Data extracted from a collection:
"""

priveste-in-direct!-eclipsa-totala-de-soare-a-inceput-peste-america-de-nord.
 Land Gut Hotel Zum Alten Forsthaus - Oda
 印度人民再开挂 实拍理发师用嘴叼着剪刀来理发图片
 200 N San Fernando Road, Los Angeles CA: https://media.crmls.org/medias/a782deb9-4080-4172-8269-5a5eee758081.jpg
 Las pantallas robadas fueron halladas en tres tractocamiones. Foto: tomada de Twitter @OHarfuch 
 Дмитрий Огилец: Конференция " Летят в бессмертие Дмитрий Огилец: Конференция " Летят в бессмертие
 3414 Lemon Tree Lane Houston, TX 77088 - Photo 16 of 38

"""

Assigned task → All of the records above should be transcribed exactly.

Solution →
priveste-in-direct!-eclipsa-totala-de-soare-a-inceput-peste-america-de-nord.
 Land Gut Hotel Zum Alten Forsthaus - Oda
 印度人民再开挂 实拍理发师用嘴叼着剪刀来理发图片
 200 N San Fernando Road, Los Angeles CA: https://media.crmls.org/medias/a782deb9-4080-4172-8269-5a5eee758081.jpg
 Las pantallas robadas fueron halladas en tres tractocamiones. Foto: tomada de Twitter @OHarfuch 
 Дмитрий Огилец: Конференция " Летят в бессмертие Дмитрий Огилец: Конференция " Летят в бессмертие
 3414 Lemon Tree Lane Houston, TX 77088 - Photo 16 of 38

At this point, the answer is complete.